* **Work task**
Only the lines from the top of the data through the line with "ASFGIMUJ Bras For" should be repeated, each exactly as written.

* **Source information**
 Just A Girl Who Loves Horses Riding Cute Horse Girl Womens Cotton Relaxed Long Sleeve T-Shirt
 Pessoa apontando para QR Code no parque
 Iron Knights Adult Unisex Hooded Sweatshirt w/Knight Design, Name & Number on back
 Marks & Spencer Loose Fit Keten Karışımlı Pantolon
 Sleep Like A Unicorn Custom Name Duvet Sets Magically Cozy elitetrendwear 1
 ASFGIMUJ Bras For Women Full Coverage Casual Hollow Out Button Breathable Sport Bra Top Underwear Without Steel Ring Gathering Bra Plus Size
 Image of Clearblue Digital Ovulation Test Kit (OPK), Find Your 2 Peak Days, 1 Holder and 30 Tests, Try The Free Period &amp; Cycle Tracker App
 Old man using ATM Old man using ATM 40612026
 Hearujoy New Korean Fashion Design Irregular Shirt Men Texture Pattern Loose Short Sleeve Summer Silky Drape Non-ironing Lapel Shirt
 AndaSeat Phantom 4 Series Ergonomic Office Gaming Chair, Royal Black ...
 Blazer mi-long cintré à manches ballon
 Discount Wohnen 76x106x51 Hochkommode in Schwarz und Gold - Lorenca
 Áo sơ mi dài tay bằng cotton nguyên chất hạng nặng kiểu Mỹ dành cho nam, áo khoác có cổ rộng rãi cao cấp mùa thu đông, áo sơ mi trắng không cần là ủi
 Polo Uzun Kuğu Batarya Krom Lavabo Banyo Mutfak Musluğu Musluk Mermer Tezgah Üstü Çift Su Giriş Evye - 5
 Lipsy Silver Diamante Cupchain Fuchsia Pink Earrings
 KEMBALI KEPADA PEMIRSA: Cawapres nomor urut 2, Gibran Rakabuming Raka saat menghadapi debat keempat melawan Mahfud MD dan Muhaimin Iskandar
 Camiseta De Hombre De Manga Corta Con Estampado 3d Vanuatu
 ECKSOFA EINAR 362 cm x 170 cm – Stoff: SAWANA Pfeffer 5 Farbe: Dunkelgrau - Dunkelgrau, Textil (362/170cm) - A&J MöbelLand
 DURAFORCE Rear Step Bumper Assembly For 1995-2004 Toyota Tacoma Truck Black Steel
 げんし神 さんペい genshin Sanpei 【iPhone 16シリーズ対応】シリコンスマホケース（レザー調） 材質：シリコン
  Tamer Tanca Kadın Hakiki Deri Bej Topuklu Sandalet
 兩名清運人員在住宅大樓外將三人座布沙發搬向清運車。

* **Answer to the problem**
 Just A Girl Who Loves Horses Riding Cute Horse Girl Womens Cotton Relaxed Long Sleeve T-Shirt
 Pessoa apontando para QR Code no parque
 Iron Knights Adult Unisex Hooded Sweatshirt w/Knight Design, Name & Number on back
 Marks & Spencer Loose Fit Keten Karışımlı Pantolon
 Sleep Like A Unicorn Custom Name Duvet Sets Magically Cozy elitetrendwear 1
 ASFGIMUJ Bras For Women Full Coverage Casual Hollow Out Button Breathable Sport Bra Top Underwear Without Steel Ring Gathering Bra Plus Size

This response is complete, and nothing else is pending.